Apart from the pictures, every line below needs to be reproduced verbatim.

> _SOURCE DATA_
........

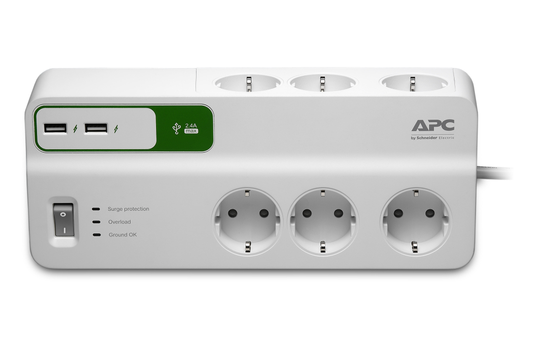 APC ESSENTIAL SURGEARREST 6 OUTLETS WITH 5V, 2.4A 2 PORT USB CHARGER, 230V GERMANY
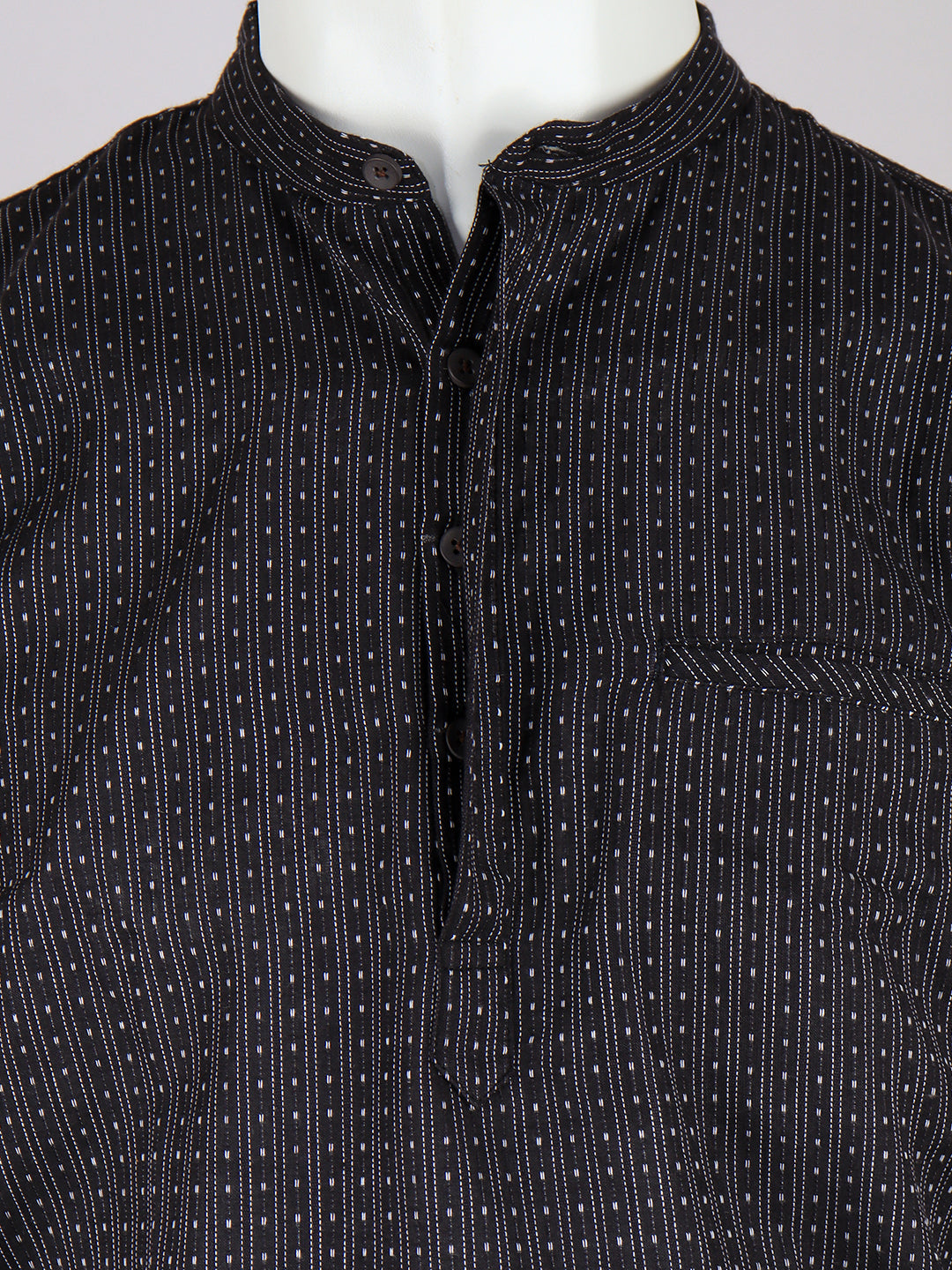 Men Cotton Short Length Stripes Pocket Kurta Black RJ31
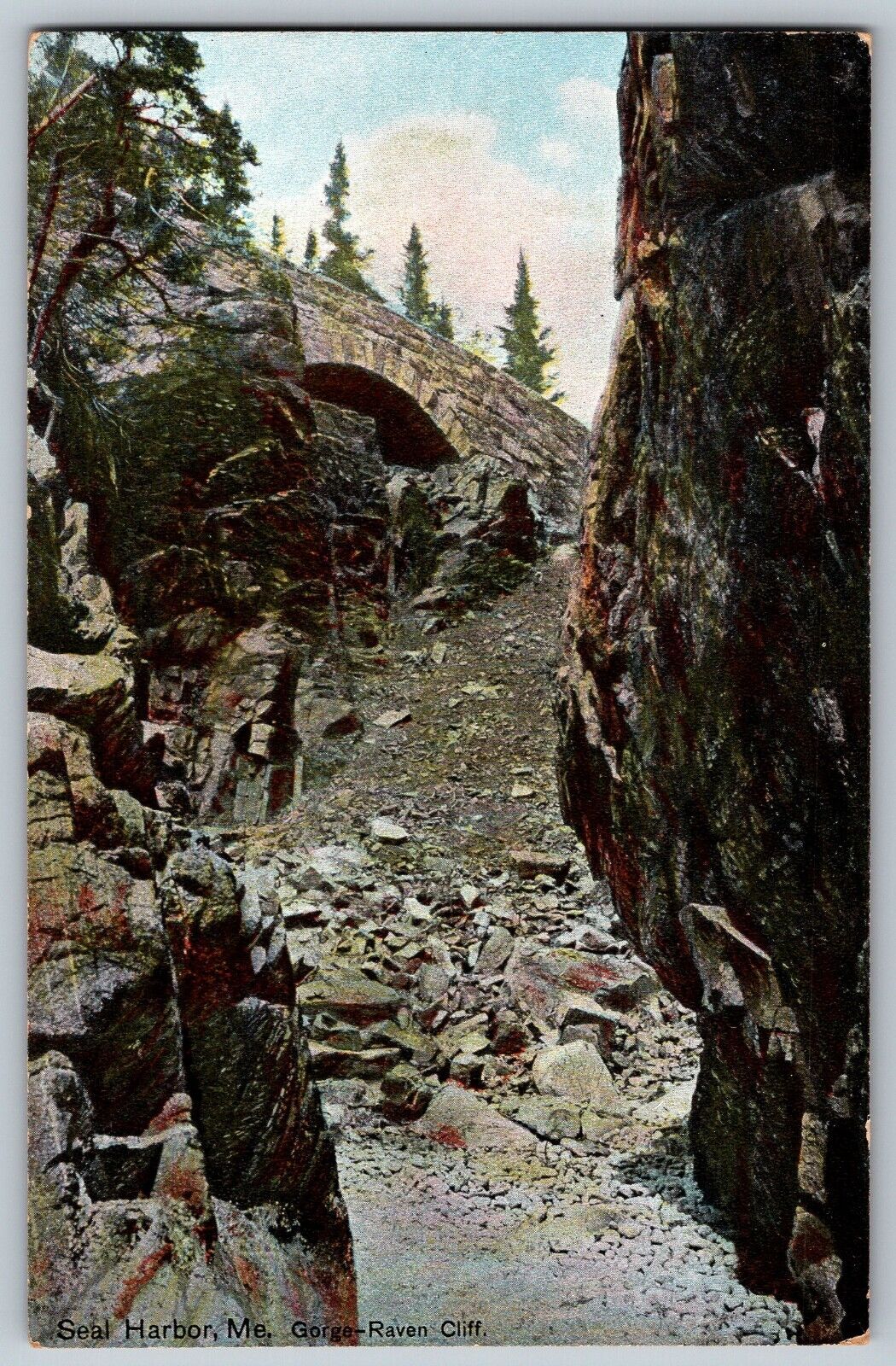 Seal Harbor, Maine ME - Gorge & Bridge Raven Cliff - Vintage Postcard - Unposted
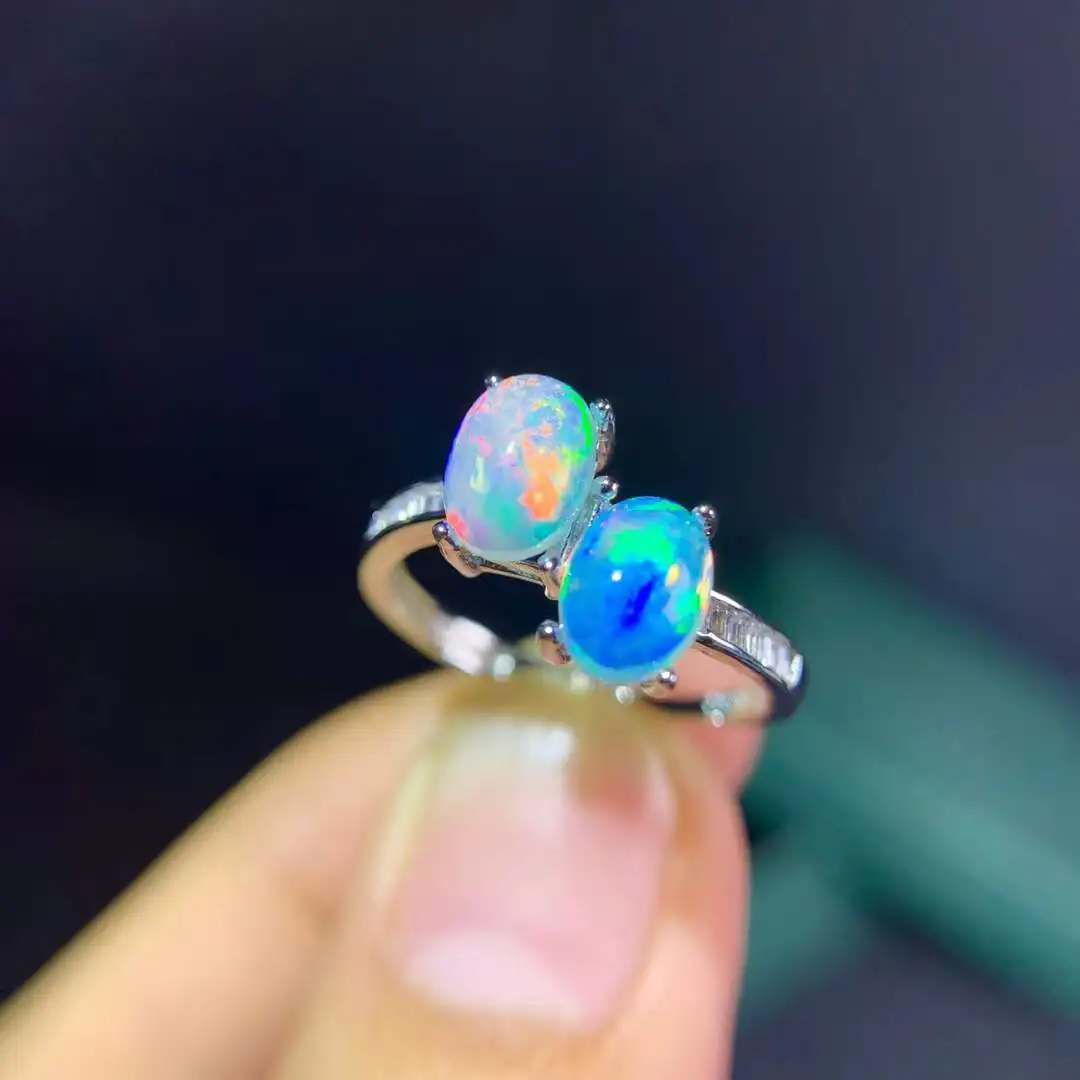 

Natural Opal Ladies Ring 925 Sterling Silver Alexandrite Ring Wedding Engagement High Jewelry 5*7mm Inlaid Two Pieces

........

> _WRITTEN SOLUTION_
 APC ESSENTIAL SURGEARREST 6 OUTLETS WITH 5V, 2.4A 2 PORT USB CHARGER, 230V GERMANY
 Men Cotton Short Length Stripes Pocket Kurta Black RJ31
 Seal Harbor, Maine ME - Gorge & Bridge Raven Cliff - Vintage Postcard - Unposted

Natural Opal Ladies Ring 925 Sterling Silver Alexandrite Ring Wedding Engagement High Jewelry 5*7mm Inlaid Two Pieces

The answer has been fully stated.